ASSIGNED TASK: Among the lines of the listing below, retype exactly those from the one containing "開(kāi)眼角幾天恢復(f" through the one containing "Рис. 10.39. Мышечная", both included. Do not include pictures.

PROVIDED MATERIAL:
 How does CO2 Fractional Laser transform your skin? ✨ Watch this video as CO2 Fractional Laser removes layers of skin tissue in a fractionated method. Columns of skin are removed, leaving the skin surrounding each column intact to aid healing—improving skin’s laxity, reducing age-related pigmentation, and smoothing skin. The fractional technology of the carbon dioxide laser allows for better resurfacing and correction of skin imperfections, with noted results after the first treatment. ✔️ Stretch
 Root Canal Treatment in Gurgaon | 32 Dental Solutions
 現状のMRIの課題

* * *

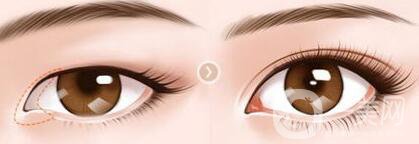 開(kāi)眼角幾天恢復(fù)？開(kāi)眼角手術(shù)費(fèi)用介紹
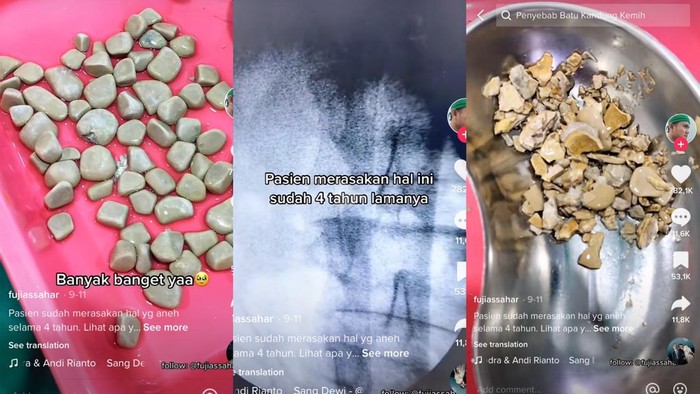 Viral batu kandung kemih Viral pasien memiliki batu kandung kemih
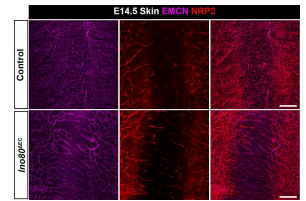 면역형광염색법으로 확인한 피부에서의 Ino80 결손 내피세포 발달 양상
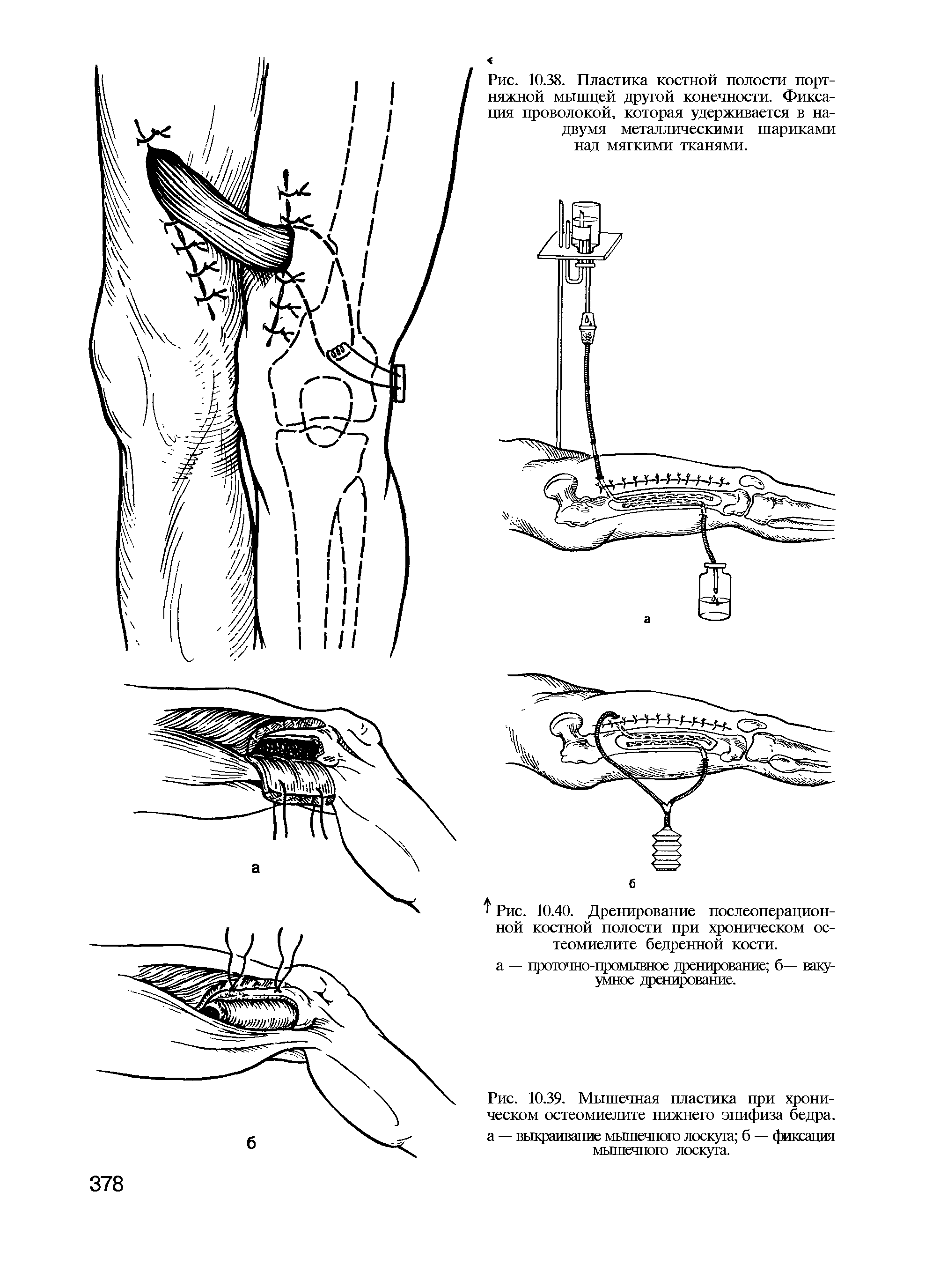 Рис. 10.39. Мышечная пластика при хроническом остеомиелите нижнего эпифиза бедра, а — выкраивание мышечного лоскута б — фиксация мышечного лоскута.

ANSWER AREA:
 開(kāi)眼角幾天恢復(fù)？開(kāi)眼角手術(shù)費(fèi)用介紹
 Viral batu kandung kemih Viral pasien memiliki batu kandung kemih
 면역형광염색법으로 확인한 피부에서의 Ino80 결손 내피세포 발달 양상
 Рис. 10.39. Мышечная пластика при хроническом остеомиелите нижнего эпифиза бедра, а — выкраивание мышечного лоскута б — фиксация мышечного лоскута.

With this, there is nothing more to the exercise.